A train came, but I ignored it and kept reading. Then another train came and another and another. I let them all pass and dug deeper into the newspaper.
“Why don’t you go home and read where it’s warm?” I finally asked myself.
“Because I’ve got no place go,” said the voice next to me.
Robbie Sanchez used to have a job like mine and an apartment like mine and a life like mine. He had a dozen Derek Jeter T-shirts and shared a season-ticket package with some friends. Depression used to set in when the Yankees lost, but he always slept it off in a warm bed.
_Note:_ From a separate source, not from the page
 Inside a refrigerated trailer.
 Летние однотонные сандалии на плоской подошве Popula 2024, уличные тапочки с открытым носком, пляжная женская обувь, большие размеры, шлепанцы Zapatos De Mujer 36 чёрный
These days he stays warm by moving.
“I’ll hang around here until someone throws me out,” Sanchez said. “Then I’ll head to Penn Station because there’s a guy at one of the food stands who gives out coffee on cold nights.
“I’m just between lives right now,” he continued. “The key is to hold on until you make it to the other side.”
The Yankees strengthen his grip.
“Baseball lifts my spirits,” Sanchez said. “Things don’t seem as bad when you’ve got something to look forward to. The Yankees didn’t make the playoffs last year so they’re doing something about it. CC and A.J. will get the job done and I’ve got to do the same.”
“Let’s go to Penn Station and get some coffee,” I said.
“Sure,” Sanchez said. “Are you done with that newspaper?”